フュージョン・コミュニケーションズは千葉市・幕張メッセで開催中のネットワーク総合展示会「Interop Tokyo 2005」で無償IP電話ソフト「Skype」との連携サービスを展示している(写真上)。同サービスによって,Skypeで公衆網からの着信を受けられるようになる。まずは企業向けに提供する(関連記事)。

 フュージョンは,自社のIP電話サービスを契約するユーザーにIP専用の「050」から始まる個人用の電話番号を付与。050番号への着信呼を,パソコン上のSkypeに転送することで実現する。ユーザーがパソコン上でSkypeを使っていないときは,企業内のIP電話端末やソフトフォンなどに着信させる。

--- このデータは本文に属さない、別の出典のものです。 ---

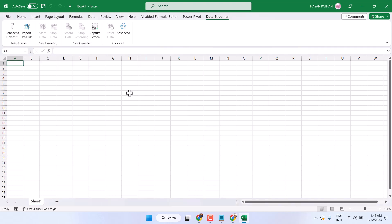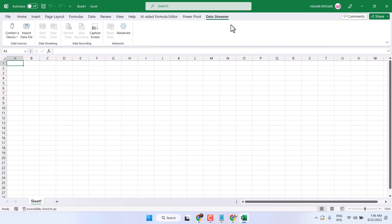This short video shows you how to enable Data Streamer in Excel. If you want to learn how to use Data Streamer, comment and I will create a tutorial about it. Thanks for watching.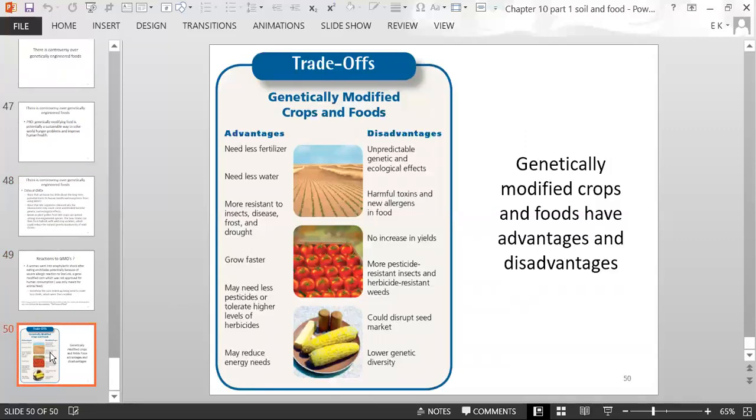A chart in the textbook shows the trade-offs of genetically modified crops and foods.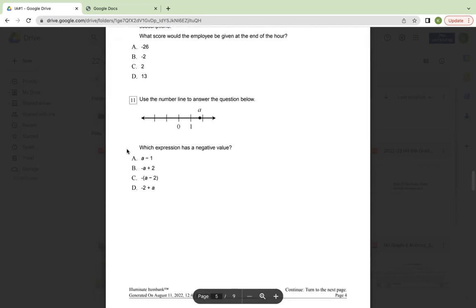Number 11, use the number line to answer the question below. Which expression has a negative value?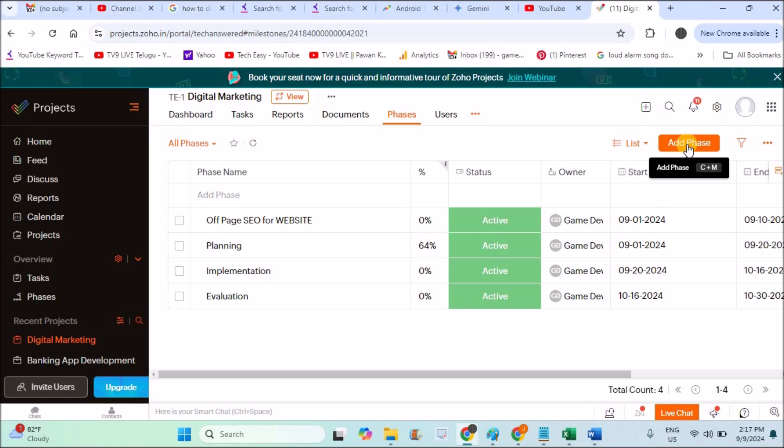Don't worry that you are unable to find the milestone option. These phases are nothing but the milestones. If you have any more questions, please ask in the comments. Thanks for watching, have a nice day.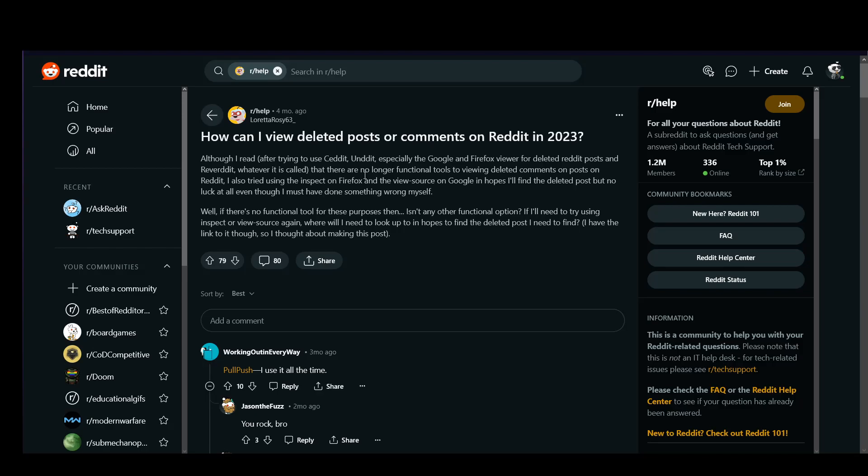Hey everybody, what is going on? I hope you guys are all doing well and welcome to another tutorial video. In this video, I'll be explaining to you guys how you can find or view deleted posts on Reddit. So let's get right into it.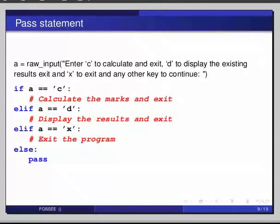If a equals c, colon. Elif a equals d, colon. Then elif a equals x, colon. Else, colon, pass.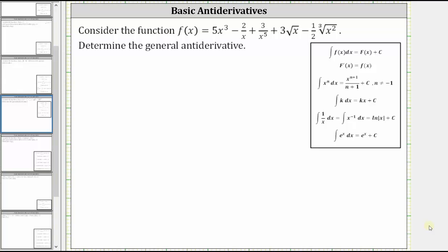Consider the function f of x and determine the general antiderivative. The general antiderivative is big F of x plus C, where C is any constant, and the derivative of big F of x is equal to the given function f of x, which means we need to determine the indefinite integral of the given function.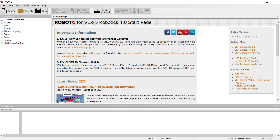We're going to take a look at if statements in Robot C. To understand if statements, we have to understand something called boolean logic. It's easy — you've been doing it for years, it's just a little bit different in a programming language.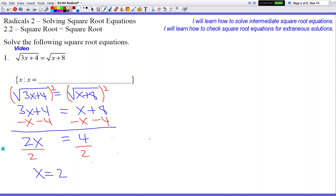We can't just submit this answer right away — it may or may not work. We still have to check our answer. The reason why we have to check is because we did this step called squaring both sides, which kind of created a brand new equation. It's originally supposed to be a square root problem, but we squared both sides while solving it.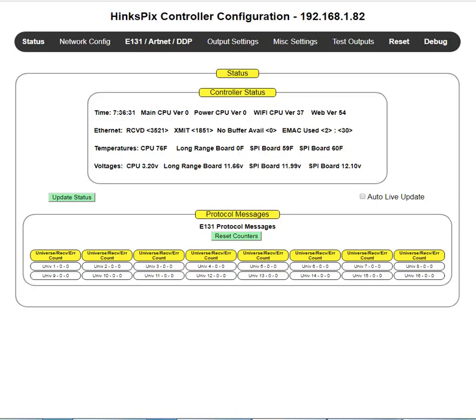My name is Joe Hinkle. This training video is on HinksPix controller configuration. We're going to be talking about networking configuration.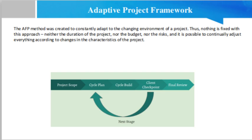Thus, nothing is fixed with this approach - neither the duration of the project, nor the budget, nor the risk. It is possible to continually adjust everything according to changes in the characteristics of the project. To use the same metaphor that Robert Kavinsky used in his book, to manage your project effectively with the APF method, you must think like a chef, not a cook.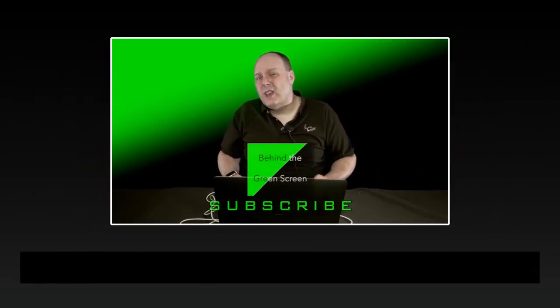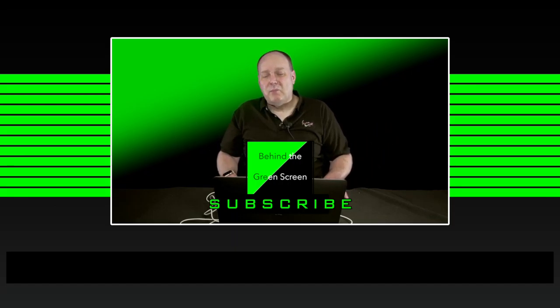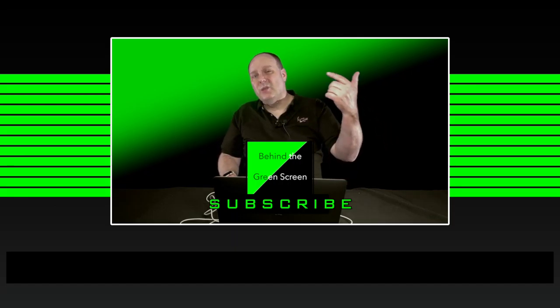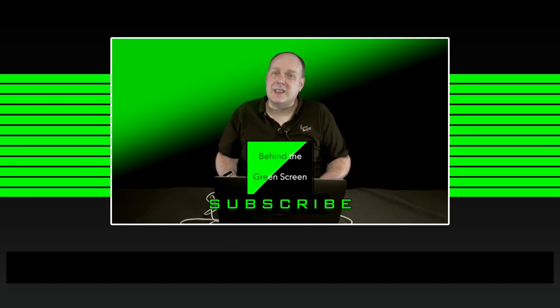Anyway, that's going to do it for today's show. If you like what I'm doing here, please make sure you like and subscribe to the show. Tell your friends and we'll see you next time.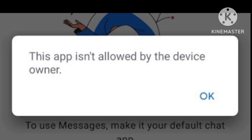Accidentally switching the user on the phone to a guest user can also cause this problem. If you accidentally switch to a guest user when logging into your device, this problem arises.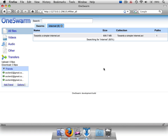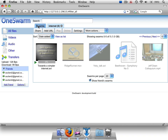Once a user begins downloading a file, it's listed in their set of local Swarms. OneSwarm supports streaming for audio and video files. Once a file begins downloading, users can view it directly in their browser.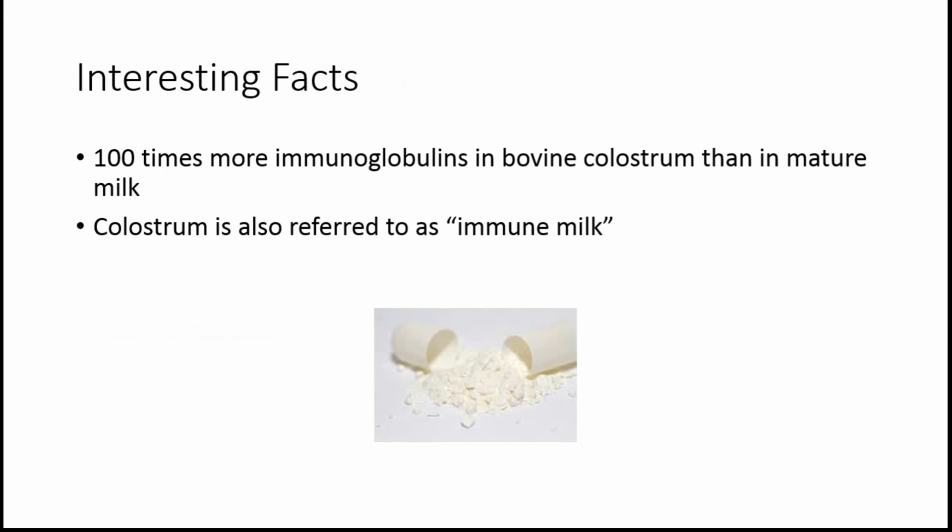Just to finish up here, a couple interesting facts that I just came across included the fact that there are 100 times more immunoglobulins in bovine colostrum, which is the first four days of that milk, versus mature milk, which is after four days. Colostrum is also referred to as immune milk, which you can probably see from some of the uses why that would be. Thank you for listening. Let me know if you have any questions.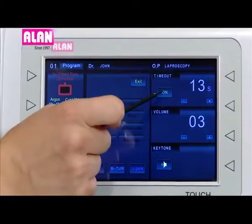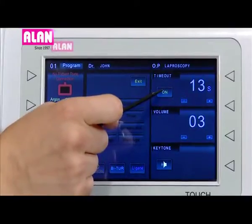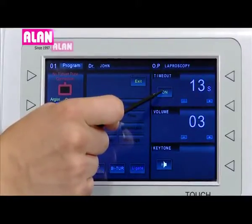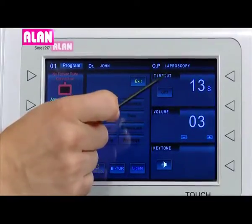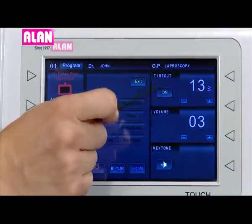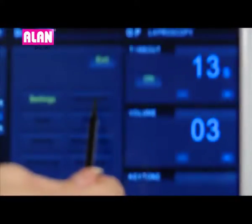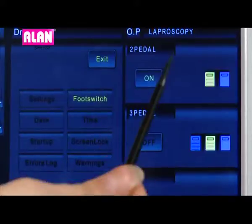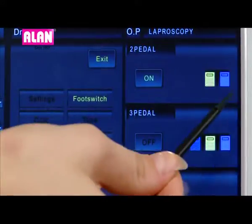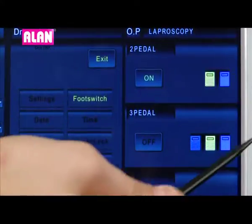The timeout function can be disabled by holding the on/off icon continuously for 5 seconds. In the foot switch menu, we have options for 2-pedal and 3-pedal footswitch.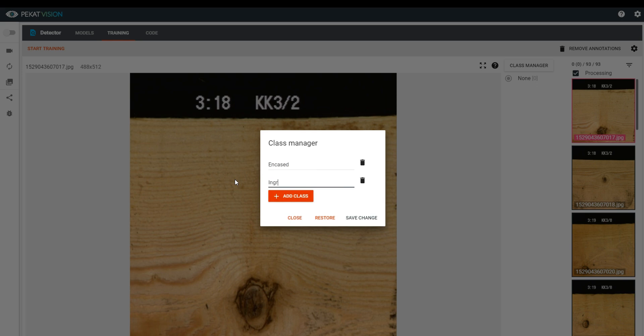Encased class for knots that are prone to fall out. Ingrown class for knots that are secured in place.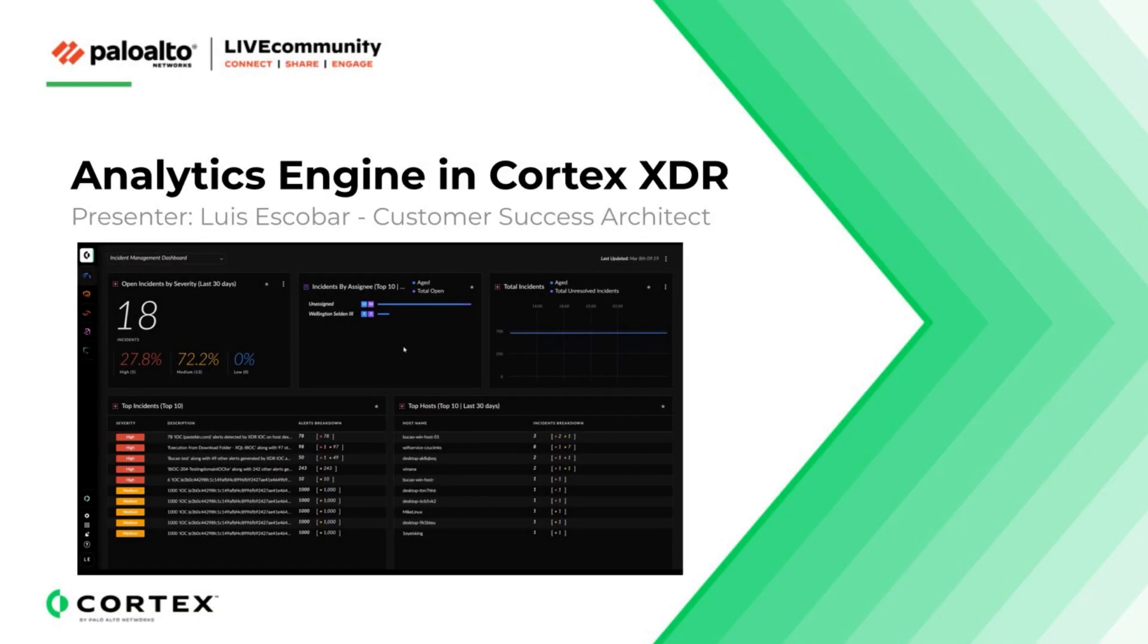Hello, today we will discuss the Cortex XDR analytics engine, which is a feature that enables Cortex XDR to analyze data from a variety of sensors to develop a baseline and raise analytic alerts when anomalies and malicious behaviors are detected. In particular, we will cover the prerequisites, setup, enabling, and verification of operations.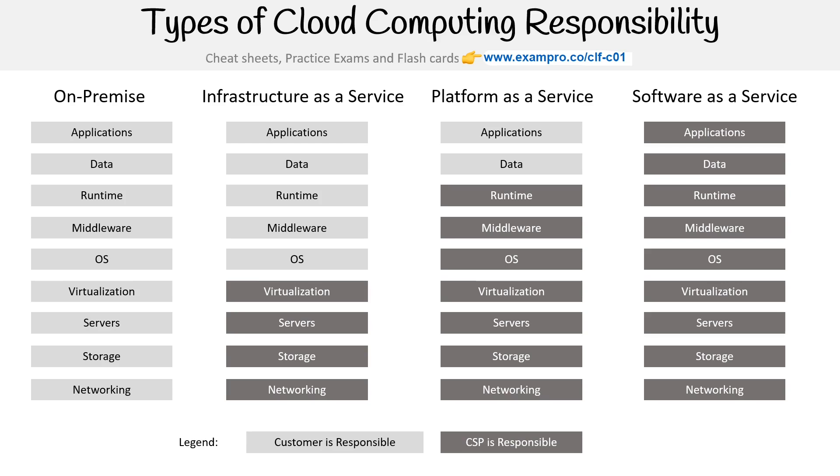So yeah, hopefully that gives you kind of an idea across types of cloud computing responsibilities.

 サービス時には,ネットワーク上にIP電話網とインターネット上のSkypeを接続する「SKYPEゲートウエイ」という機器を設置して運用する。ゲートウエイは,フュージョンとSkypeの開発・提供元のルクセンブルクのスカイプ・テクノロジーズが共同開発するが,「サービス時にどちらが運用するのかなど詳細は未定」(説明員)。連携サービスの投入時期や料金なども決まっていないが「近日中に試験を始めたい」(同)という。


 このほか,フュージョンはIP電話サービスのアプリケーション連携機能を参考展示している。「クリックコール」と呼ぶIP電話連携用のパソコン向けアプリケーションだ(写真下)。パソコン上で相手の名前をクリックすることで,二つの端末間でIP電話ができるようにする。今夏にも簡易版を無償で配布する見通し。

 クリックコールは,発信元と通話先の端末をIP電話網から呼び出し,フュージョンのIP電話網が中継することで通話を実現する。ユーザーの不在時に050番号に着信した際,携帯電話など任意の電話番号の端末に転送するサービスも投入する。

 フュージョンは,Skypeの連携サービスとクリックコールの投入で同社の050番号のユーザーを拡大を進める考え。一人1番号を推し進め,IP電話ユーザーの囲い込みを狙う。両サービスの連動も検討している。